I'm way too lazy for that, though. I use Wilbur to synthesize erosional effects on a preexisting heightfield. The attached image is the 15 minute fiddling with fill, erosion, and exponent as described at http://www.ridgenet.net/~jslayton/FunWithWilburVol1/index.html (in case you're interested in the process more than the results).

The first image is the sea mask, the second one is an eroded version of your original heightfield with some exponential operator to give more in the way of plains, the third is a river map, and the final one is a simple altitude-shaded image with a river overlay.

11-25-2010, 06:56 PM
...a grayscale image editor that can do Poisson blending...

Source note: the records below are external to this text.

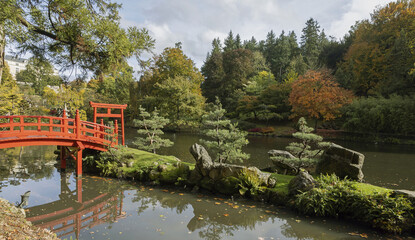 Fototapeta premium Jardin de Maulévrier en automne en Anjou France 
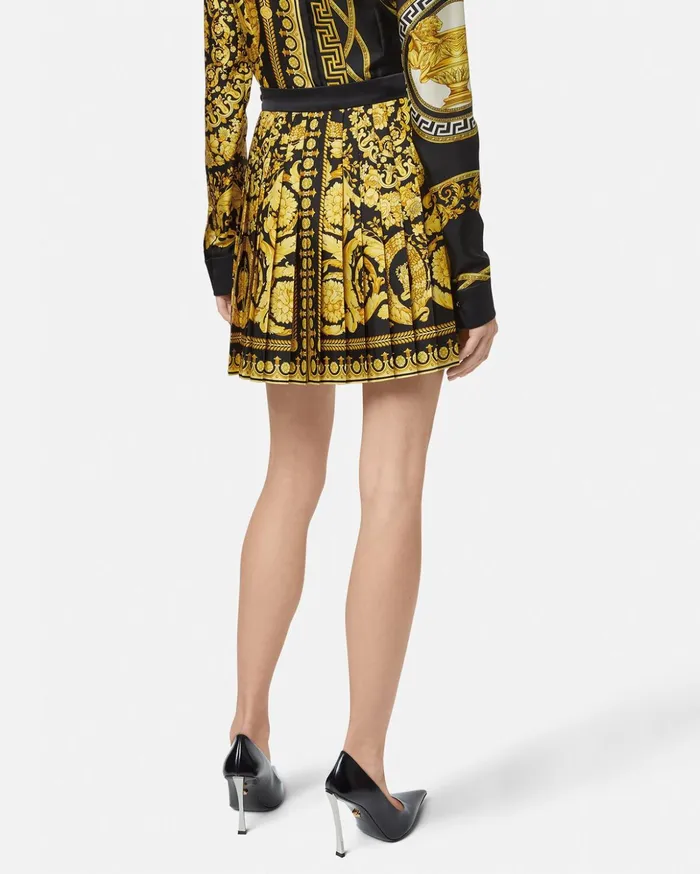 Versace Skirts Women Barocco Pleated Skirt Blackprint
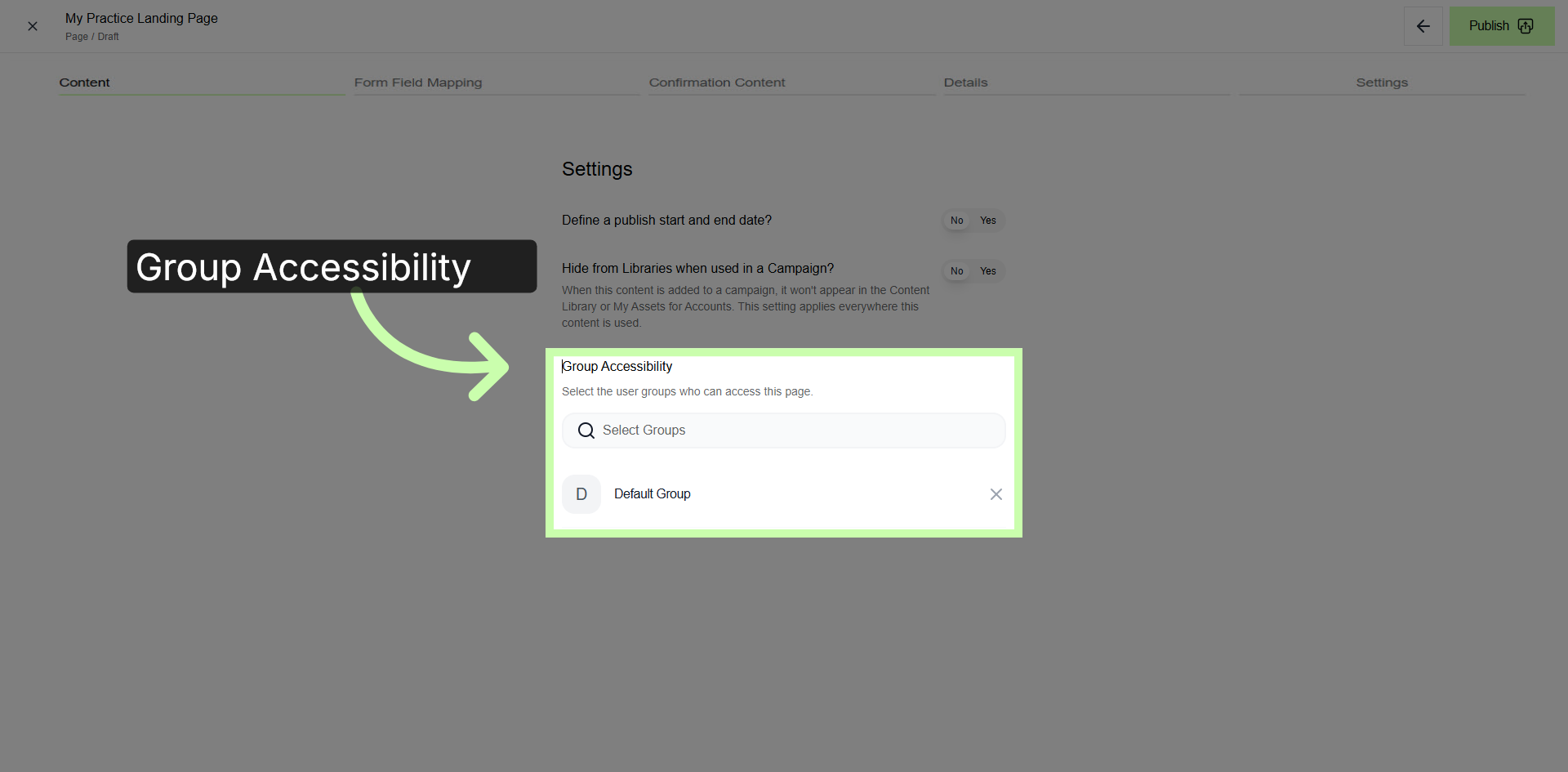 Configure Group Accessibility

That's a new one for me. Can you provide any references?

-Rob A>

11-25-2010, 11:22 PM
http://portal.acm.org/citation.cfm?id=882269 is the reference for the classic paper on the subject. http://www.cs.unc.edu/~lazebnik/research/fall08/jia_pan.pdf has a presentation on the information from the paper.

This technique is usually described as "seamless blending" or "seamless cloning" in typical image editing tools.

Howard Zhou's paper ( http://www.howardzzh.com/research/terrain/ ) uses a combination of graph cuts and Poisson blending to path together exemplars to match an existing pattern. There are filters available for World Machine that implement this paper.

12-02-2010, 06:47 PM
I'm really looking forward to the next version of Wilbur all of the sudden.